In 2008, in a similar case, the Cour de Cassation had already ruled that “the law applicable to this liability is that of the State of the place where the harmful event occurred” but incomprehensibly based its decision on Article 5 of Council Regulation (EC) No 44/2001 of December 22, 2000 on jurisdiction[4] (this Article stipulates that in matters relating to tort, delict or quasi-delict, the competent court is that of the place where the harmful event occurred or may occur).

However, the applied French conflict of laws rule contains an ambiguity: the harmful event has two components, i.e. “the event giving rise to the damage” and “the place where the damage occurred”.

When these two elements are located in the same country, there is no difficulty in determining the applicable law. Yet, when these two elements are located in different countries (in the commented decision, the Paris Court of Appeals held that the event giving rise to the damage was the breach of the contract in France by the French Company) or if there are several events giving rise to a damage and /or several damages, the issue becomes a legal situation extending over different locations and several laws may be deemed applicable.

In that case, the applicable law ought to be determined under the so-called “principle of proper law” by which judges are supposed to identify on a case-by-case basis the “country that is the most closely connected with the harmful event”.

This rule has been consistently applied by French courts since the Gordon and Breach decision rendered by the Cour de Cassation in 1997.

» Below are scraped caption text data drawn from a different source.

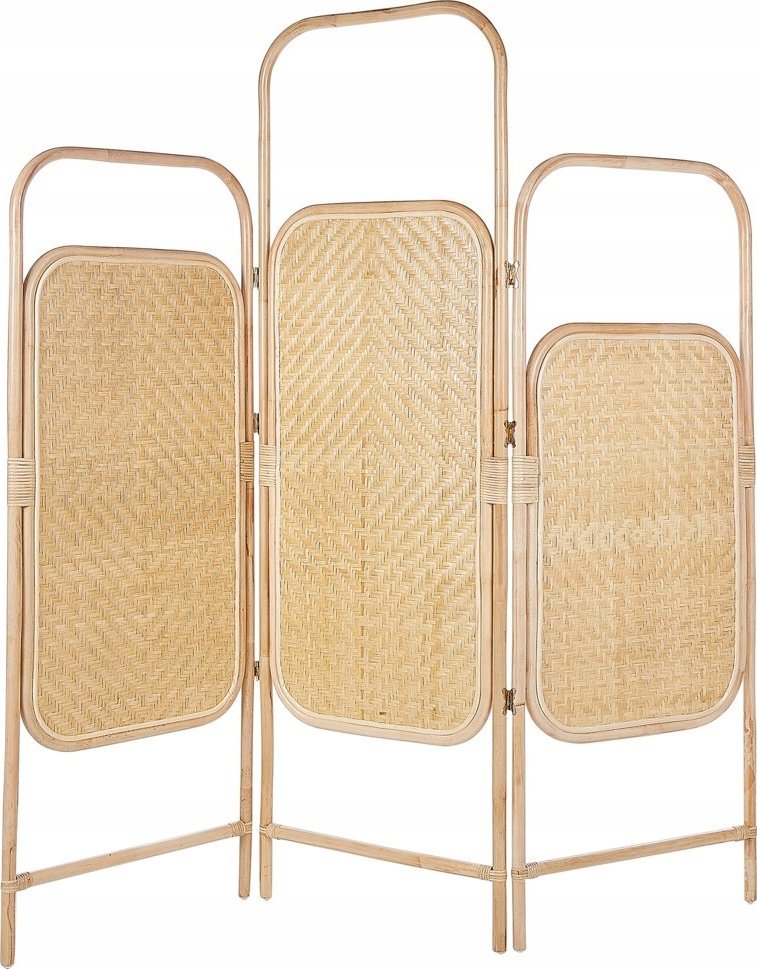 Beliani 3-panelowy składany parawan pokojowy rattanowy 166 x 180 cm naturaly CARPI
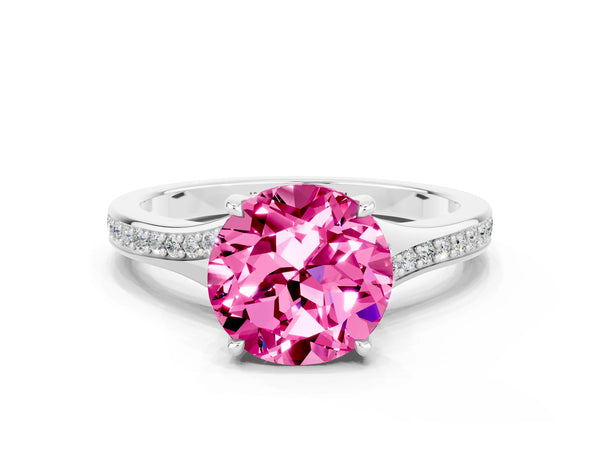 Platinum Round Cut Pink Sapphire Solitaire Ring with Pavé Band and Prong Setting
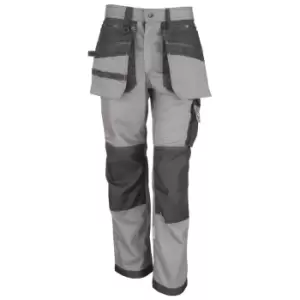 Image of Result Workguard Mens X-Over Heavy Work Trousers (XS) (Grey/Black)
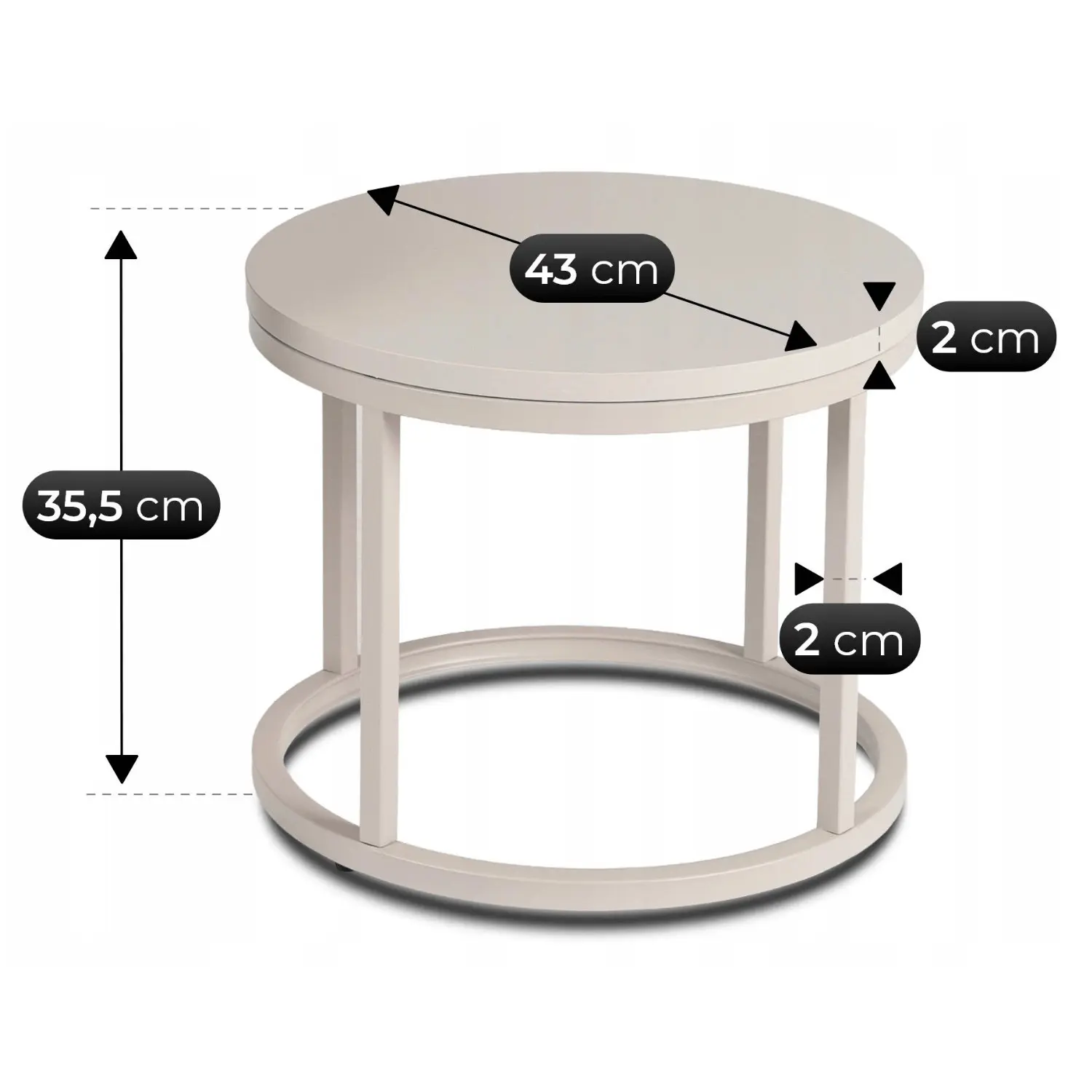 Set masute cafea Mebel Elite Nelly (Cashmere) - 7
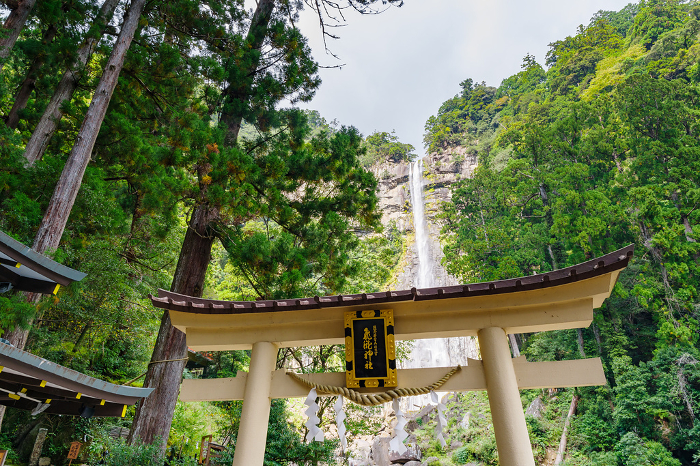 Torii gate and Nachi Waterfall at Tobitaki Shrine, a branch of Kumano Nachi Taisha Shrine (Nachi-Katsuura Town, Wakayama Prefecture)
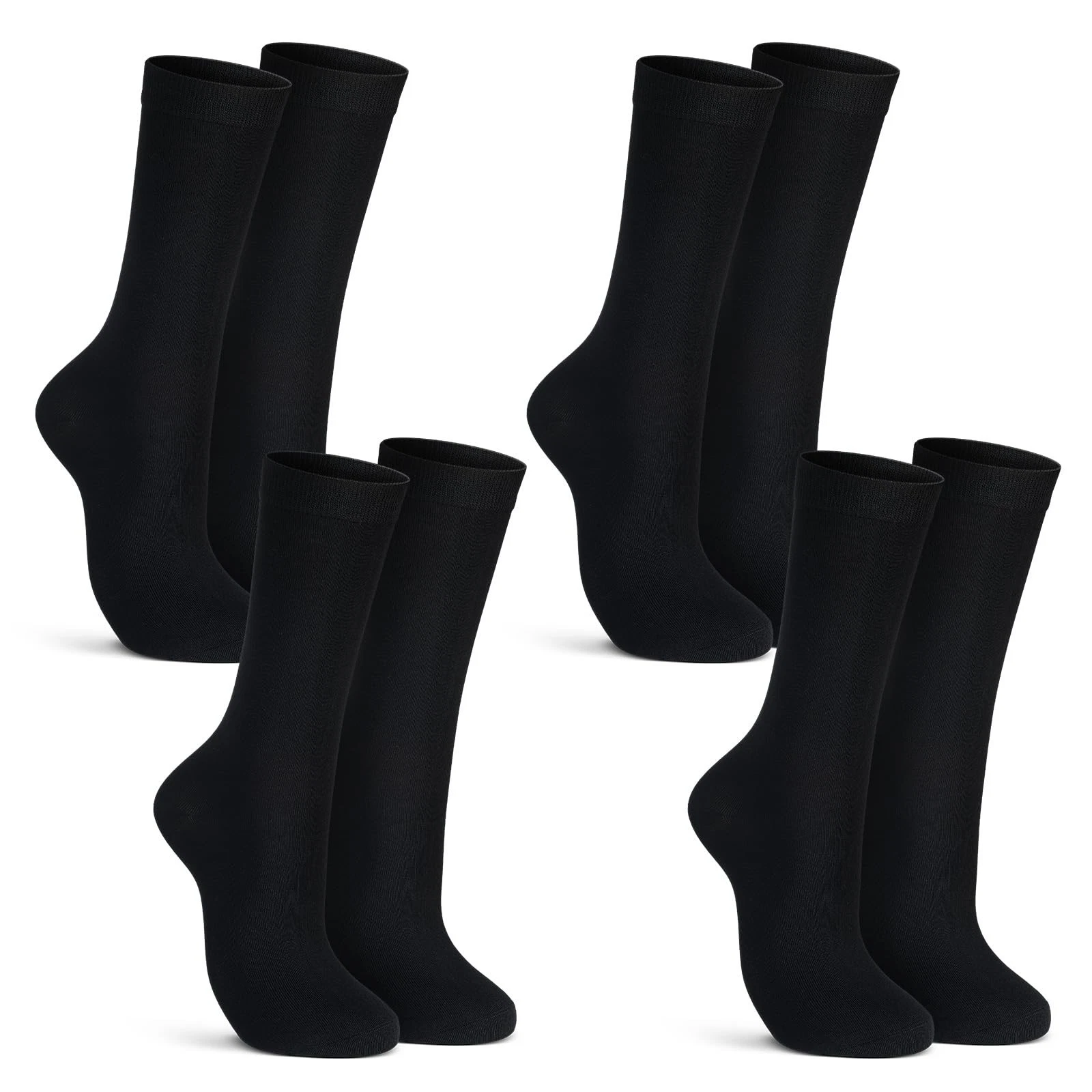 Croloose 4 Pairs Silk Liner Socks Ultra-lightweight Hiking Large, Black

In the commented case, France was the State the most closely connected with the harmful event. According to the Cour de Cassation, this close connection resulted “from the pre-existing 12-year contractual relationships between the parties that the latter formalized through the conclusion of contract in Paris that designated French law as the applicable law and the Paris Commercial Court as the competent jurisdiction”.

The French terminating party had argued that the applicable law was that of the State where the harmful event occurred – without any distinction between the two elements of this harmful event – and claimed that Chili was that State.

However, it failed to convince the French judges who usually favor an extensive application of Article L. 442-6, I, 5° of the FCC.

 


[1] Commercial Chamber of the Cour de Cassation, March 25, 2014, n°12-29534.

[2] Article L. 442-6, I, 5° of the French Commercial Code: “The following acts committed by any producer, trader, manufacturer or person listed in the trade director shall trigger the liability of their perpetrator and obligate said perpetrator to compensate the harm caused thereby:
5° (…) suddenly terminating, even partially, an established commercial relationship without prior written notice commensurate with the duration of the business relationship and consistent with the minimum notice period determined by the multi-sector agreements in line with standard commercial practices (…). The preceding provisions do not affect the ability to terminate the relationship without prior notice if the other party has failed to comply with its obligations or in cases of force majeure.”

[3] Commercial Chamber of the Cour de Cassation, February 6, 2007, n°04-13.178; October 21, 2008, n° 07-12.336; January 13, 2009, n° 08-13.971; September 15, 2009, n° 07-10.493; May 11, 2010 n° 09-10.797; January 18, 2011, n° 10-11.885; December 13, 2011, n° 11-12.024.

[4] Commercial Chamber of the Cour de Cassation, October 21, 2008, n° 07-12336.